The building is old. Many other university offices are in it, and the UPS is located on the lower floor with walkout from the two classrooms into a playground area. The teachers use project approach in the classroom and focus on individuality -- a lot. Inside K/1st classroom there are several Apple iMacs available for student useage. There are games, several shelves of baskets containing centers, a large, older carpet, and tables for collaborative learning. The student to teacher ratio is 25:2. One teacher is the head teacher the secondary is a graduate student. Usually there are two graduate students, one in the morning and one in the afternoon to accommodate their own student schedules.
The classroom is very racially diverse. I knew a few of the kids from Next Generation and from around the community. Next to the classroom is a reading room, where there are several couches and shelves and bins filled with books for literacy times. On the other side of that room are the coat hooks, more collaborative learning space and the head teacher's desk.
Being in early childhood, I'm used to the idea that children can learn using just about anything. That is, they don't necessarily need pimped out kidded areas, but from an environmental standpoint, the school was very boring. Lots of white walls and brown areas. There were a few pieces of art and a vase with fake flowers in the corner, but they were high above student eyesight. Plus, they weren't at all thoughtful art pieces. When I arrived the children were still doing individual learning. When it was over, they had popsicle sticks with their names on it, and they were able to choose items for their free choice. X-man would be happy to know they have plenty of board games, including Sorry.
I talked with Christine, my tour guide, about how the children interact in the classroom. One of X-man's main issues is that he doesn't get the social nuances on how to make friends. He wants to just dive in and grab someone's hand and run off with them happily -- but he doesn't understand that sometimes friends don't want to go where you want them to go. Sometimes, they don't feel safe running off so independently, sometimes they don't like to be touched so casually (or at all) and sometimes, sometimes, you can call someone your best friend, but that doesn't mean they think of you as theirs.
So, I had a chat regarding socialization. It's clear that the tour guide was very supportive of her program, but she didn't know much about the other educational opportunities in the district, which I found interesting. It reminded me of a low-key Next Gen, in that the kids came from highly educated parents for the most part, often from parents associated with the university.

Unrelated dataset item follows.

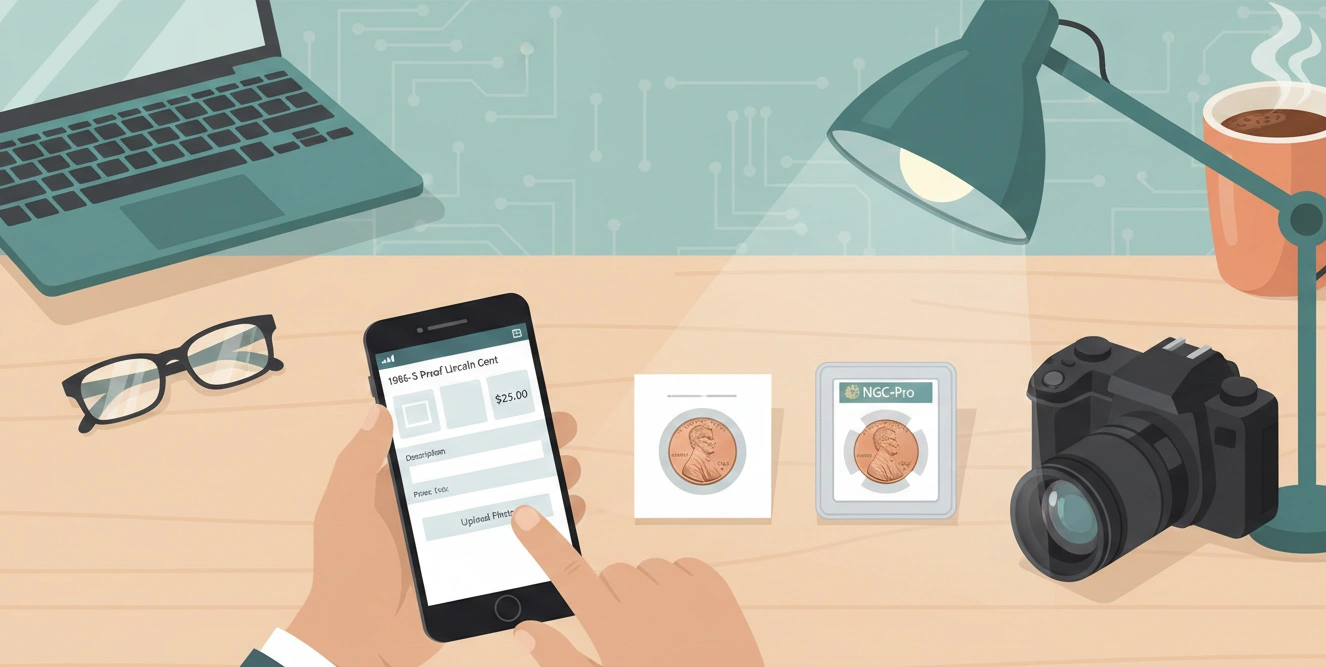 A seller listing a 1986 penny online, modern digital vector style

On the other hand, there was comfort in the room, because these kids weren't little Einsteins outright. They were normal. One little girl was playing Sorry with a friend. I saw her pick her nose and eat it. Another little girl sat on the floor and turned around in a circle humming. Some of the children were excited about using the computer. A little boy ran over to the game and asked the three girls if he could play. They handed him a piece and he sat down. Boys chatted at the table as they worked on individual building projects. It was good. And none of them cared that I was in the room at all, even when I walked through to check out the other two rooms. They seemed so used to observers, that not even the teachers waved hello. But as I watched them with the students, they were all sunshine and observation and control and encouragement with their little people, which is good.
In the hall, there is a giant guinea pig cage with two inhabitants. I got to watch a little girl give them their afternoon snack of carrots.
The outside play area was small and bland, but the kids do get to go outside at least an hour a day between gross motor time and lunch/recess.
The school day starts at 8:20 a.m. and ends at 2:30 p.m. There is no after-school program, so you'd have to make arrangements somewhere else. The tuition is $625 a month for kindergarten. There are also some supply fees. This makes it cheaper than Next Generation by a couple hundred dollars a month, but without all the flash. Students don't have Spanish, but they do have music. They don't have a big gym to play in. But unlike Next Gen, this program is basically non-profit.
You have to really want your child to get in there, too. The application has many different requirements and the deadline to get the paperwork in is March 18th. Things that are required are a sample drawing done by the child of his or her family, several questionnaires for the parents to fill out regarding the intellectual curiosity and individuality of their children, and then other projects -- like a recording of your child telling a story....
I'm having a hard time determining if I want to do the work to put in the application. It's a completely serviceable program. It works in individuality, which I like, and should we not get a great choice with the public schools, it would be a wonderful back up choice, albeit a lot more expensive in comparison.
But at this point, I understand the practical application of having a plan B. But I just don't want to focus on it this second. Is that wrong?